Only the pictures are to be left out; please reproduce everything else in the data exactly.

MATERIAL SHOWN: Begin

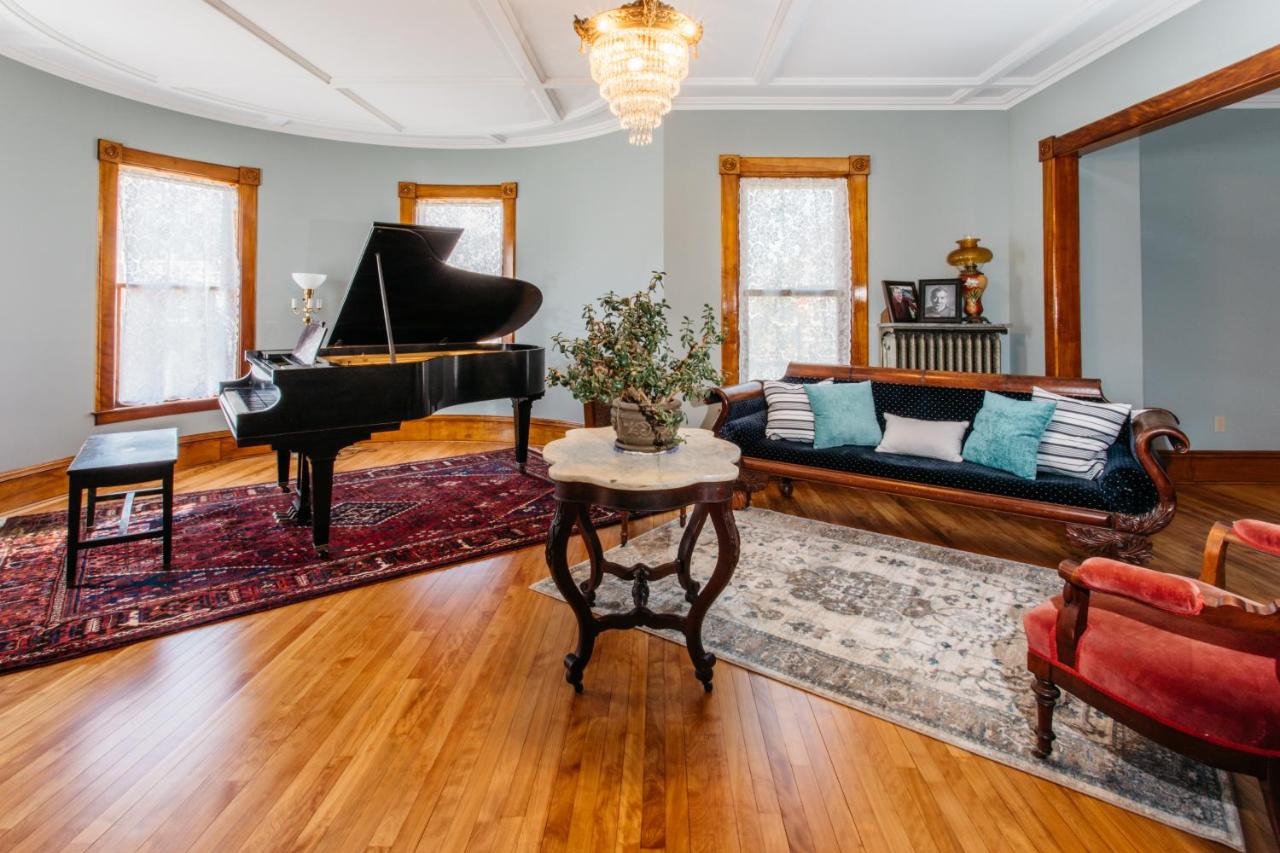 | Reynolds House Inn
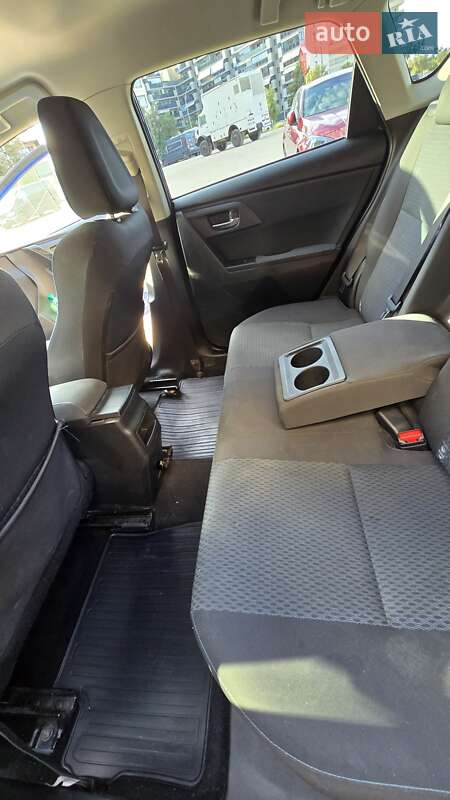 Хэтчбек Toyota Auris 2015 в Киеве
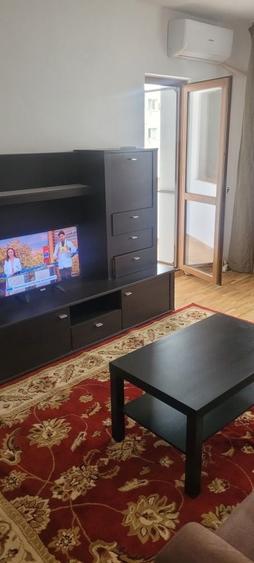 Garsonieră decomandată în Moșilor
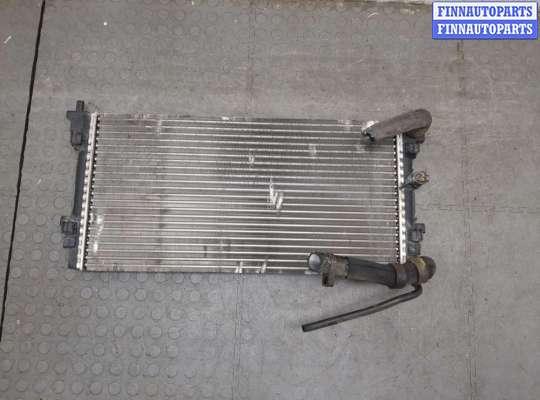 Радиатор охлаждения двигателя SK537149 на Skoda Fabia 2007-2014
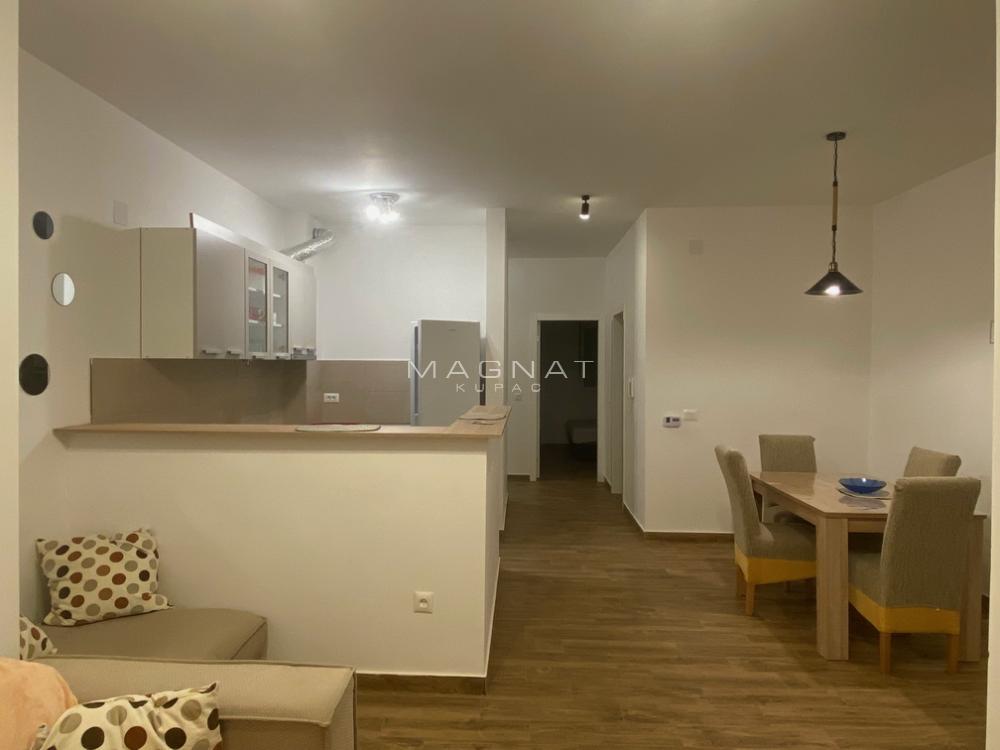 Stan na prodaju u Beogradu, Surčin, trosoban, 67m2, cena 145000 evra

MATERIAL SHOWN: End

RESULT BELOW ->
 | Reynolds House Inn
 Хэтчбек Toyota Auris 2015 в Киеве
 Garsonieră decomandată în Moșilor
 Радиатор охлаждения двигателя SK537149 на Skoda Fabia 2007-2014
 Stan na prodaju u Beogradu, Surčin, trosoban, 67m2, cena 145000 evra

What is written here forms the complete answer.